さて、本作はダンテの『神曲』に倣って、「地獄篇」・「煉獄篇」・「天国篇」の3章構成をとる。地獄篇ではどうやら後半に登場するロシア生まれのユダヤ系フランス人女性オルガが作った、後に本人として登場するJ.L.ゴダールに渡されることになるDVDに収録されているのであろう過去に起こった戦争についての、ドキュメンタリとフィクショナルな映像がごた混ぜの作品らしきものが流され、煉獄篇では映像とテクストの関係について講演するためにサライェヴォを訪れたゴダールによるレクチャー風景を中心としてスペインの作家、パレスティナの詩人、ユダヤ系ジャーナリスト、破壊されたあの橋の修復者等々の諸活動が描かれ、天国篇ではエルサレムで亡き人となるオルガが赴く「米兵にガードされる湖畔」という意匠を持つ「天国」が描かれる。
地獄篇における誠におびただしい数の映像提示に始まるこの作品、レヴィナス、J.グリーンといった著述家によるテクストの、あるいはロマン派(例えばシベリウス)からコンテンポラリー(例えばA.ペルト)に至る雑多とも言える音源の相変わらずぶつ切りの引用を通じてゴダールが示そうとしたものは何であるのか。全体を通じ、あるいは天国篇などを見れば明らかなように、確かに「反米」・「反暴力」という政治姿勢の表明もなされてはいるのだが、事の本質はその辺にあるのではないだろう。私が最も重要だと考えたのは何と言ってもゴダール自身がそのレクチャーの中で示す映画における「ショットの切り返し」がもたらす効果についての説明なのである。
それを私になりに解釈すれば、例えば本作品でも言及される、溺れることなくエルサレムに辿り着くユダヤ人という虚構の映像と(史実、という人もいるのだろうけれど)、エルサレムに帰ろうとして溺れ死んだパレスティナ人という現実の映像の、あるいはまた地獄篇で交互に現われる虚構の戦争映像と現実の死が映された戦争映像の、もっと言えば前作 Eloge de l'amour であからさまに揶揄されたハリウッド映画が描く戦争と現実の戦争そのもののいわば「切り返し」が、虚構と現実の間にある差異を隠蔽する効果をもたらす、ということになるだろうか。
そう解釈すると、ゴダールは自分が自作の中で使っている「切り返し」をふんだんな形で含む映像について、それ自体を自ら否定するようなスタンスに立っていることをその作中で語っている、ということになるのだが、事はそれほど単純ではあるまい。
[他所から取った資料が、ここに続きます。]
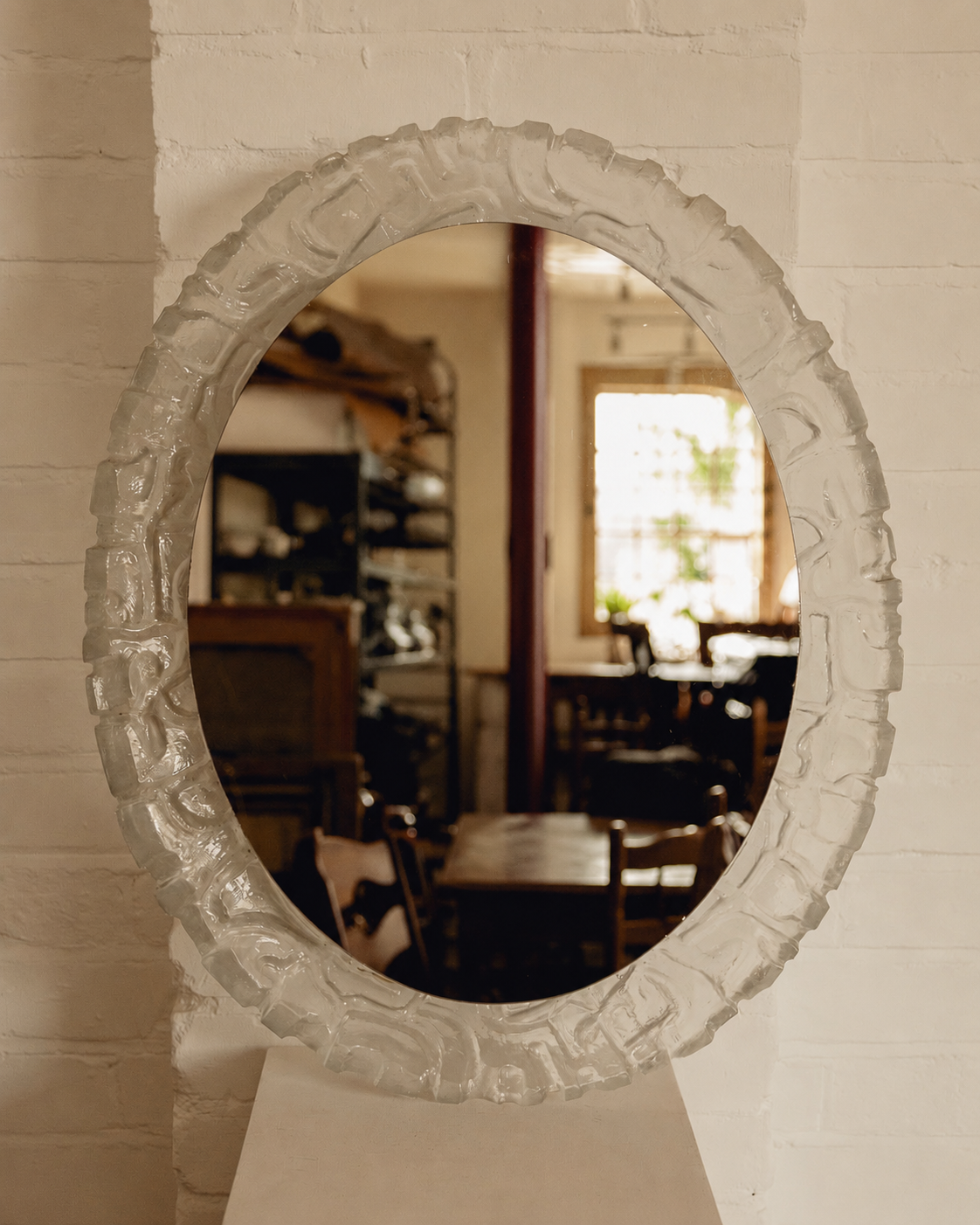 Mid Century Backlit Mirror
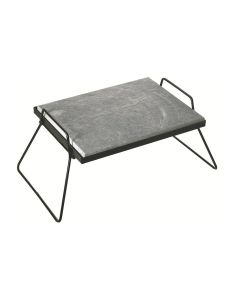 Nouvel Grillstein mit Tragegestell, 60 x 33 x 8 cm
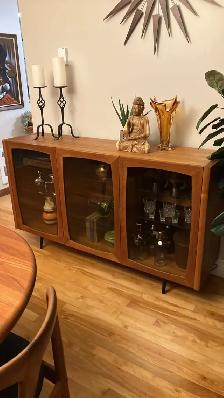 Mid century modern. TEAK TECK. Vitrine, sideboard, vinyl record - Photo 6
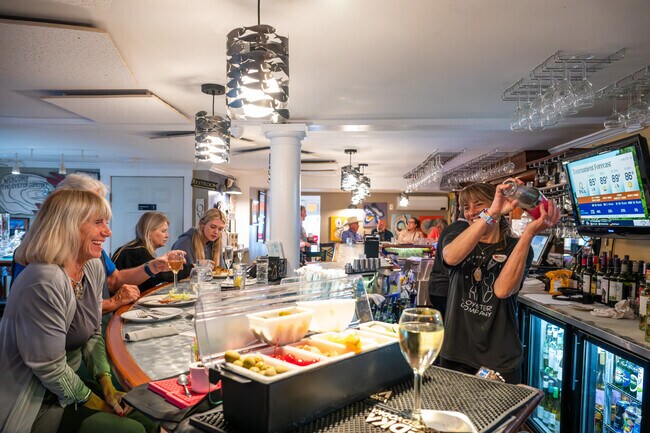 Residents of Northwest Harwich enjoy the vibrant atmosphere and outstanding service at The Oyster Company.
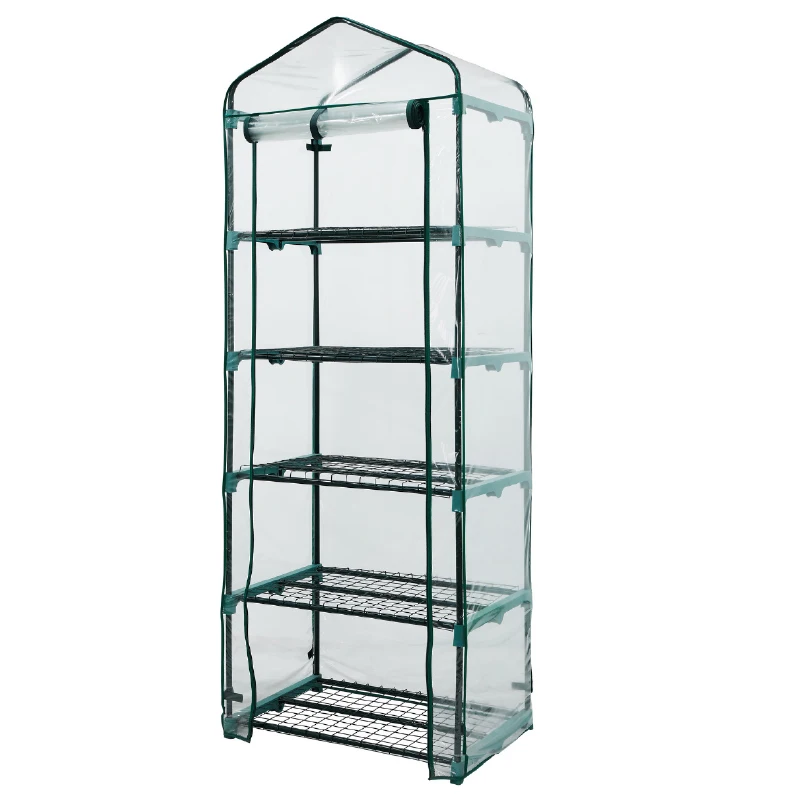 Steel Tube Frame Greenhouse 5 tiers greenhouse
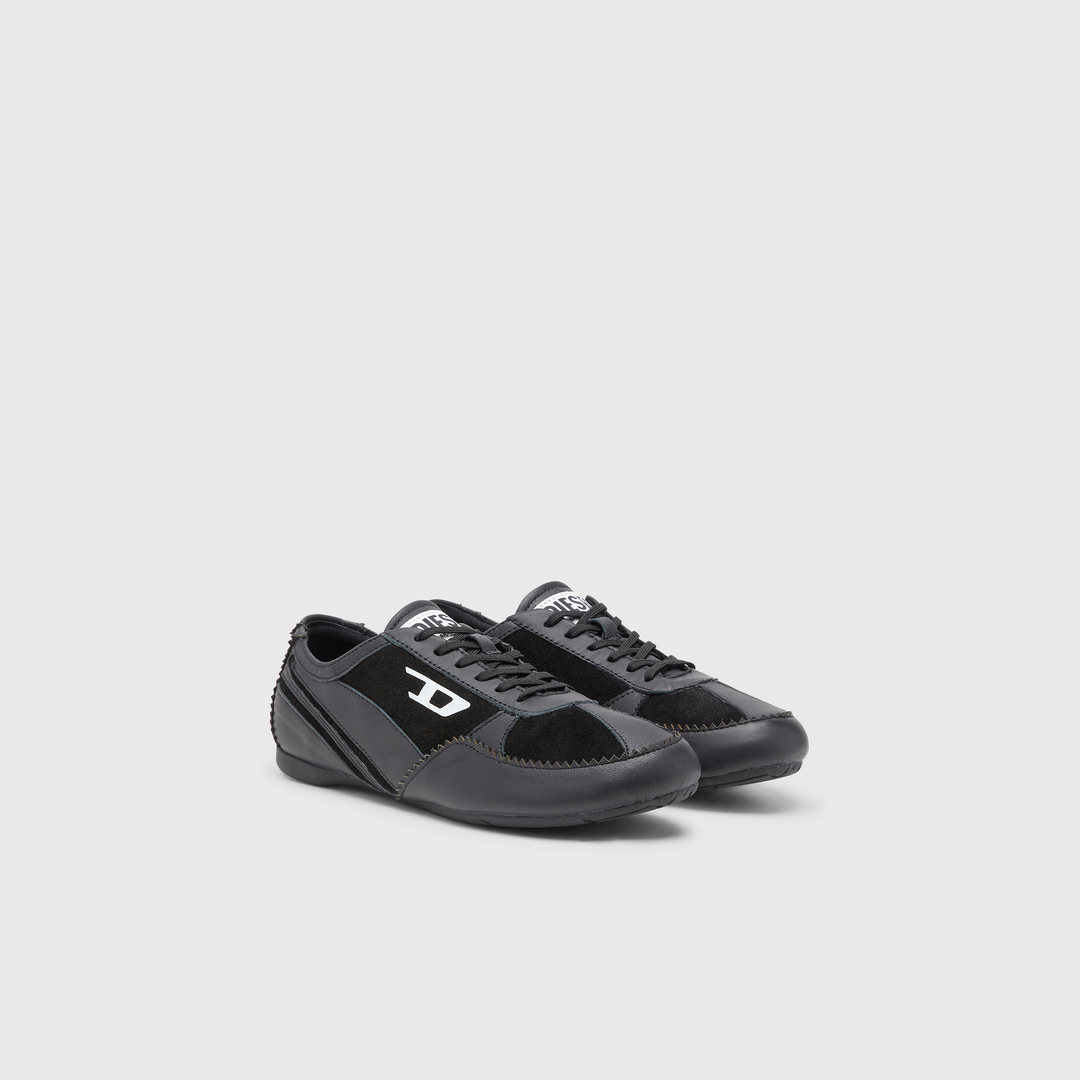 Diesel - D-Mile-Baskets en cuir et daim - Baskets - Femme - Noir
「ショットの切り返し」というのは、そこに潜む隠蔽作用を自覚的に回避しながら用いること、あるいはそれを自覚的に回避しながら観ることで、むしろ映像間相互の関係性を明確なものにしその差異性を強調していくものでもあるだろう。そもそも映画という大部分が虚構の映像で作られたものは、結局のところそれ自体が「切り返し」でしかあり得ないわけで、それが何かの意味作用を発揮するには現実との差異を隠蔽することなくむしろさらけ出しつつ、更にはまた現実との関係性を明示するという意味で現実に対して開かれたもの、という形をとるべきなのだろうと思うのだ。要するに私個人としてはこの映画を、それ自体が現実の政治に関わるもの、というよりはより広く「映画」というものが、現実の政治にどのような形で関わり得るのか、ということを鑑賞者に考えさせるもの、として観た次第である。以上。(2005/11/02。なお、蓮實重彦著『ゴダール革命』筑摩書房、2005.09を大いに参考にしています。)